Nothing ages you quite like going back to a place you haven't seen in fifteen years. I feel like I have lived through multiple lives, the former one being so full of events and memories that have been fuzzed out by the many that happened in the latter. Everywhere I go, I wonder if my little blonde-headed four to eight year old self stepped foot here too.
And, yet, I know that in most cases the answer is 'no'. We lived in Glendowie and so stayed mostly on the other side of the bridge from where I'm residing, on the North Shore. Thus, most of this experience is genuinely new and lovely in all its opportunities for discovery and growth.

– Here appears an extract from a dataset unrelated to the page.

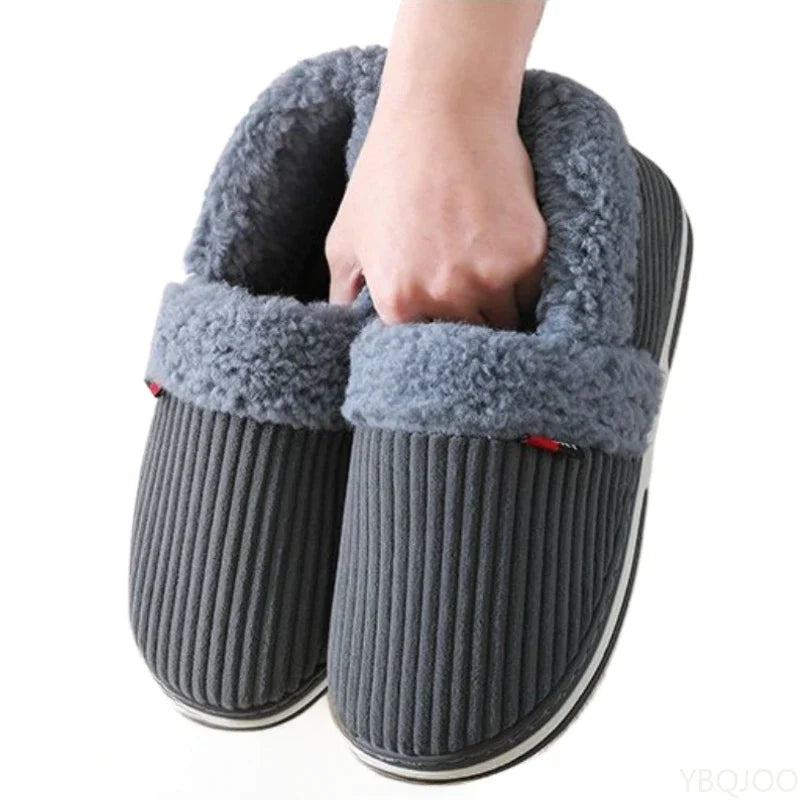 Norvo | Nordhavn | Vinter Kose Husholdningsk slippers for Par | Fluffy Bomullss slippers med Hælpolstring | Rutsjefri, Varme & Myke – Kvinner & Menn Husholdningsk slippers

Yesterday, I went to a new place (I think) with some new friends. Muriwai Beach was reminiscent of Hawaii with its black sand, rocky cliffs, and turquoise waves. And, yet, walking along the shore in my sweater, only letting my toes occasionally touch the chilly water, I could have easily been back on the West Coast of the U.S.
I don't mean to break this beautiful scene apart into disparate parts of the world, and dilute its Kiwi-ness. It was genuinely its own, with gannets and surfers in ice-cold water and a mix of palm trees, evergreens, and sheep-speckled hills meeting the shoreline.
Tonight I'm straddling that fifteen year bridge again. I sit at a kitchen table in a home that is entirely new to me, but has been warmly opened to the role that I'm currently living as a grown woman, a college graduate who has moved away from mum and dad to establish myself (whatever that means, right?). And, yet, I sip a drink that surely passed my lips as a child, a drink that awakens flickers of memories. Milo's milky, chocolaty warmth passes through this ceramic mug onto my cold hands that have aged from chubby and naive to slender and scarred in the course of years.